▸ **ABOUT THIS TASK**:
When the line with "Hoàng Kim Ngân" turns up below, begin repeating exactly, and carry on through the line with "Résidence Sunêlia Les"; no pictures go into the copy.
START GIVEN DATA
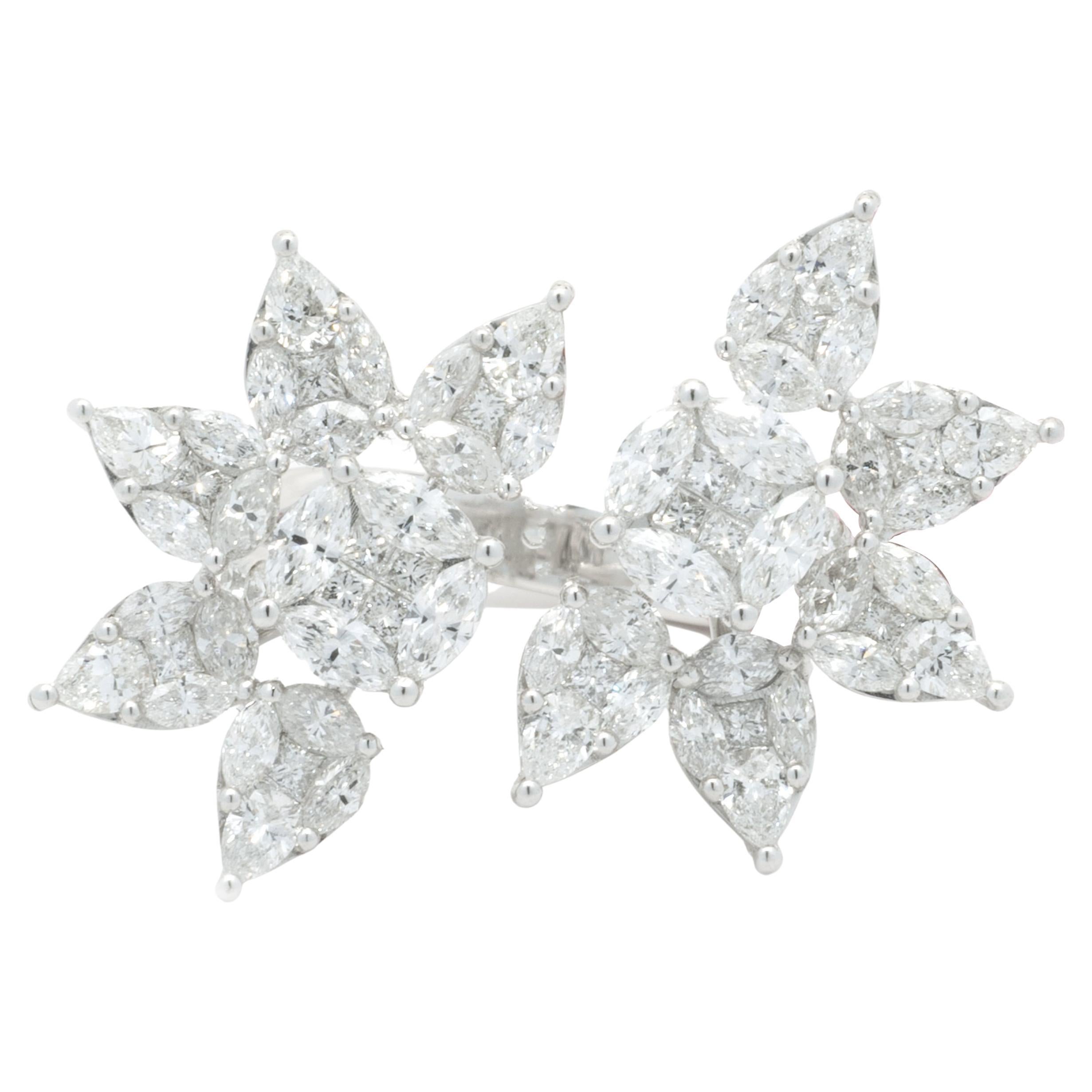 18 Karat Double Flower Diamond Ring 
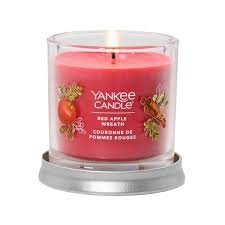 Yankee Candle Red Apple Wreath.jpg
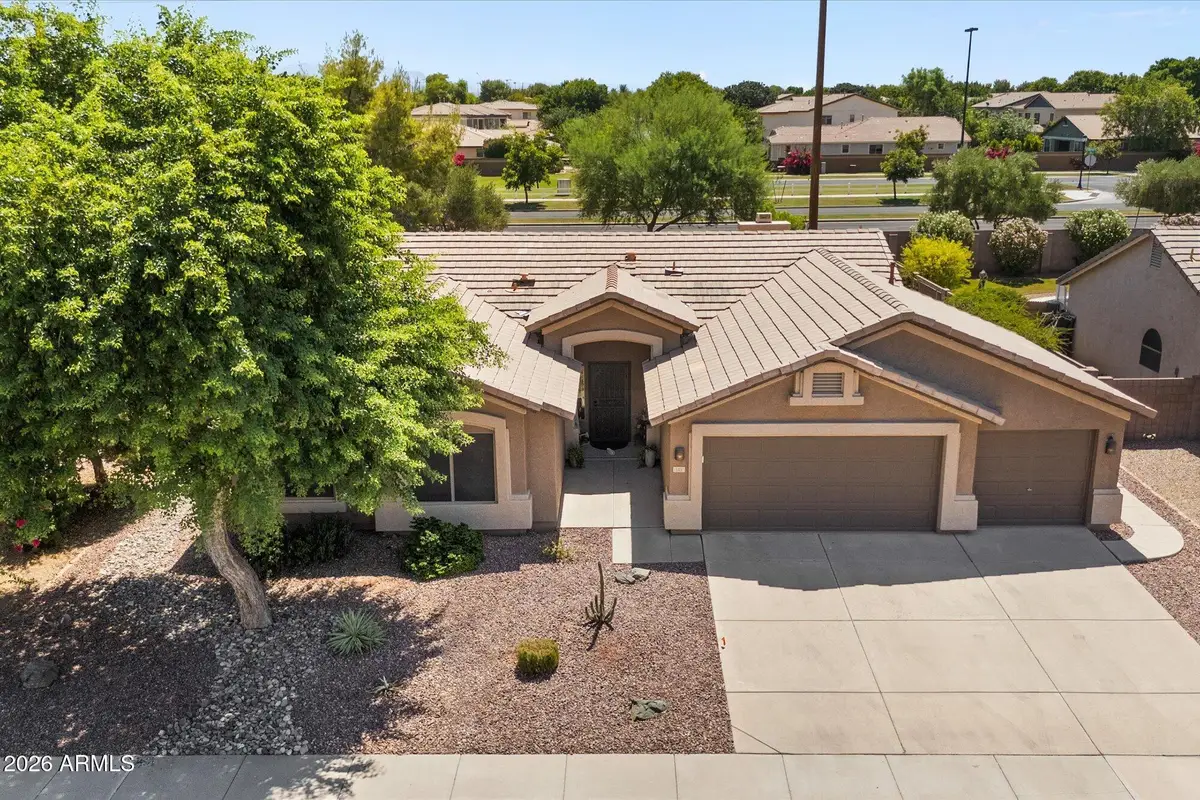 143 N Joshua Tree Lane, Gilbert, AZ 85234 - #1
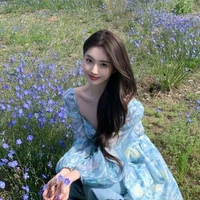 Hoàng Kim Ngân " bff nữ 9"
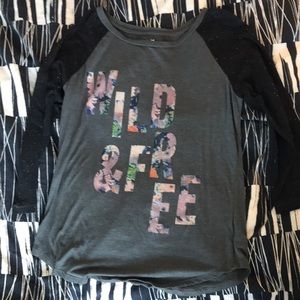 American Eagle baseball tee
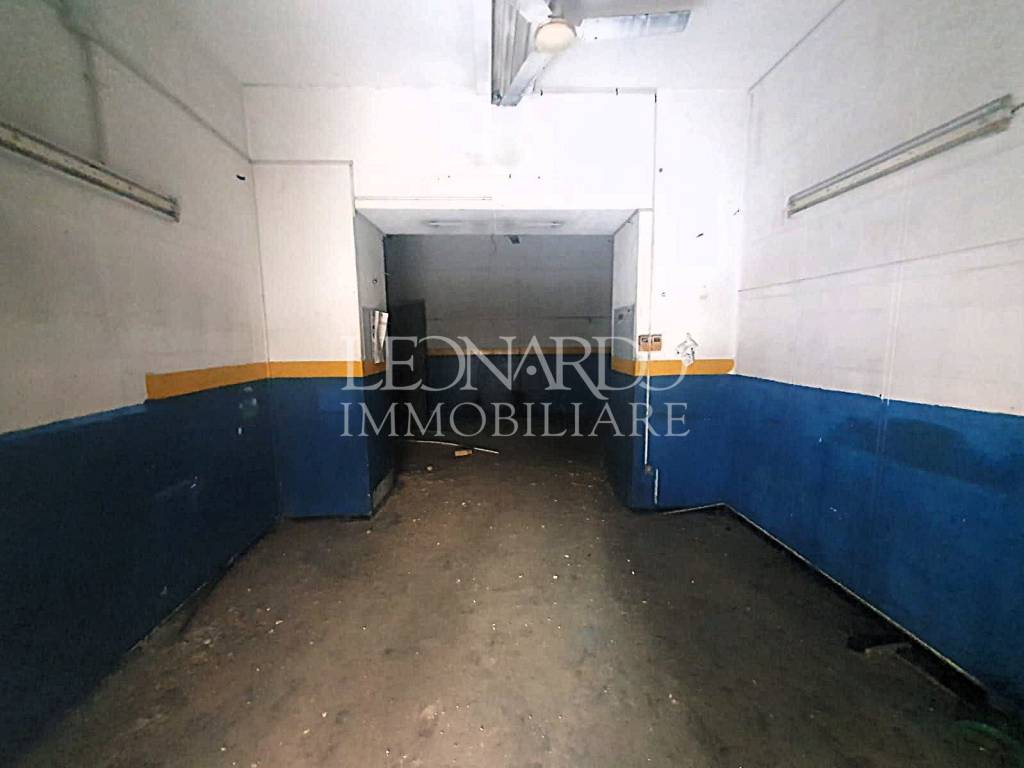 negozio in vendita a Napoli in zona Pendino / San Giuseppe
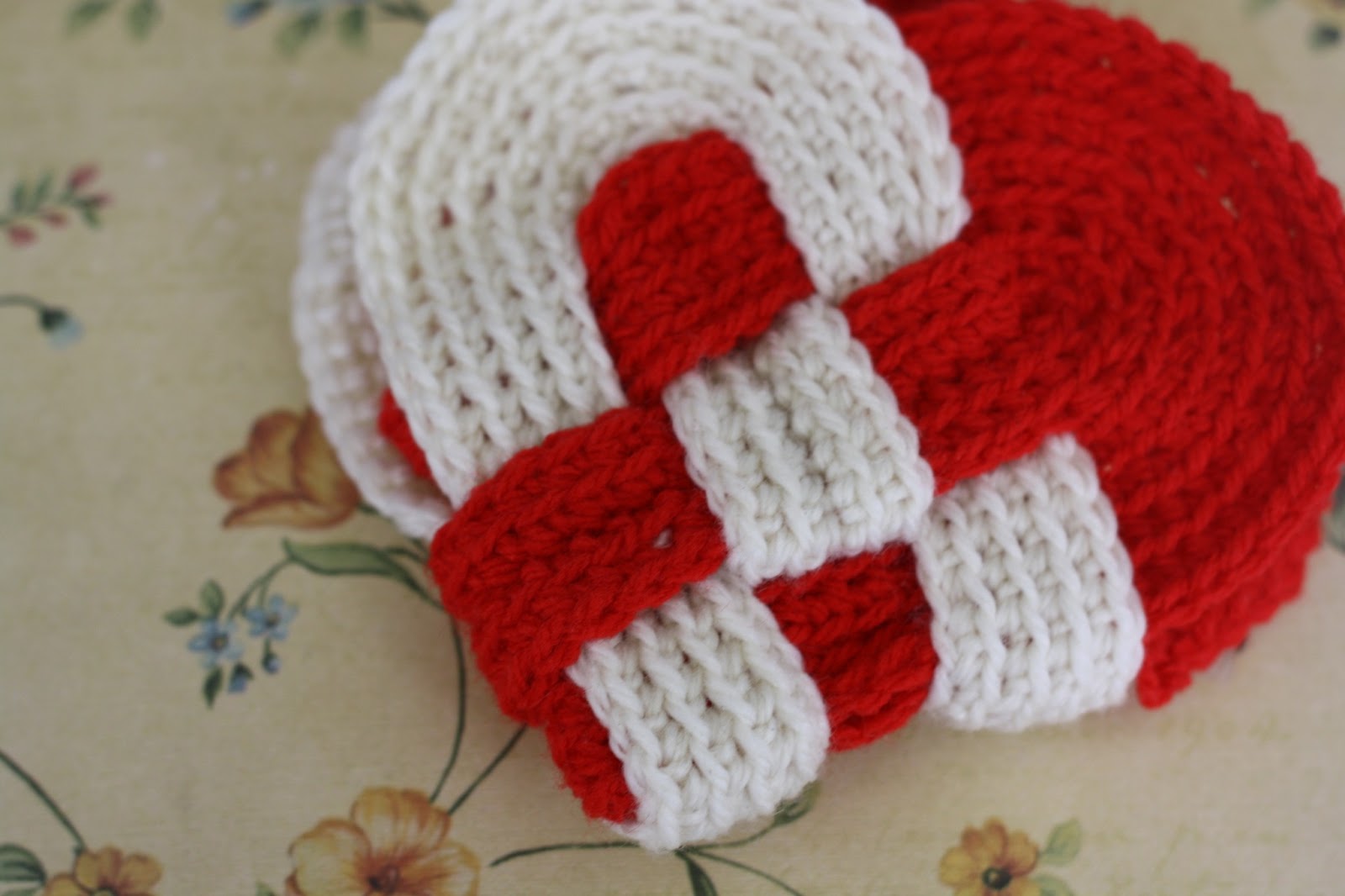How To Crochet a Heart {10 Days of Hearts} Day 7. Danish Heart Basket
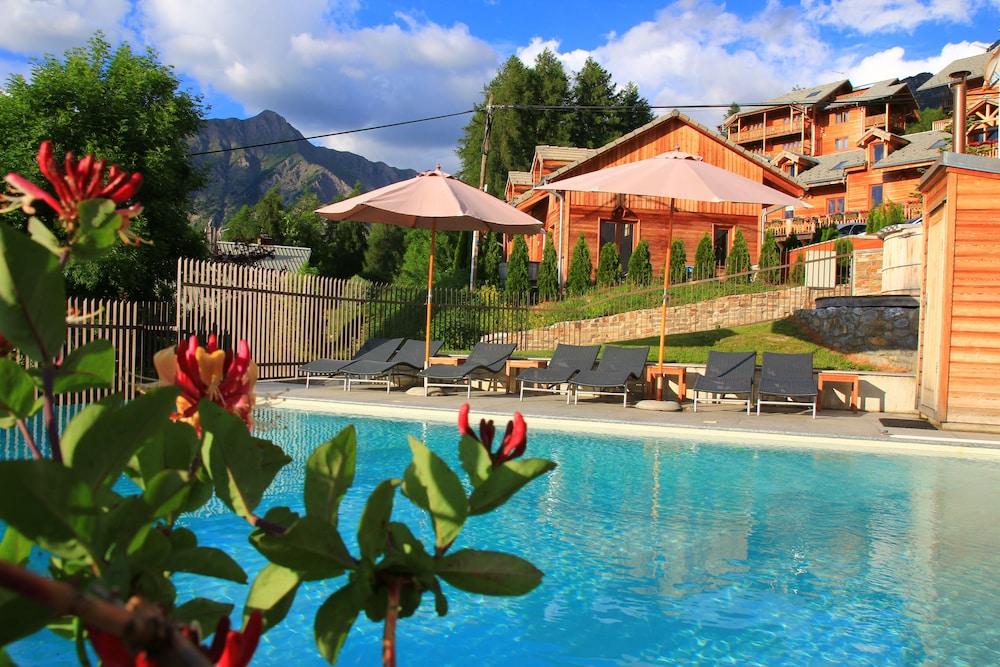 Résidence Sunêlia Les Logis d'Orres Outdoor Pool
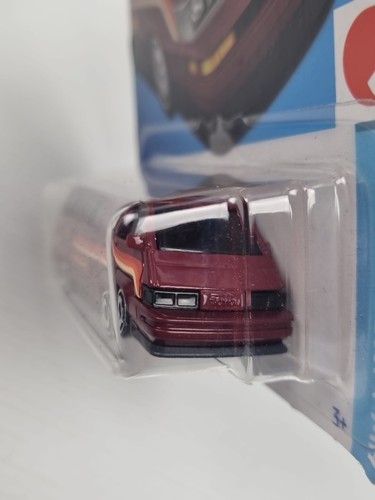 NEW Hot Wheels 1986 Toyota Van Maroon Tarago 2023 95/250 HKK66 Long Card - Picture 4 of 10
END GIVEN DATA
▸ **SOLUTION BELOW**:
 Hoàng Kim Ngân " bff nữ 9"
 American Eagle baseball tee
 negozio in vendita a Napoli in zona Pendino / San Giuseppe
How To Crochet a Heart {10 Days of Hearts} Day 7. Danish Heart Basket
 Résidence Sunêlia Les Logis d'Orres Outdoor Pool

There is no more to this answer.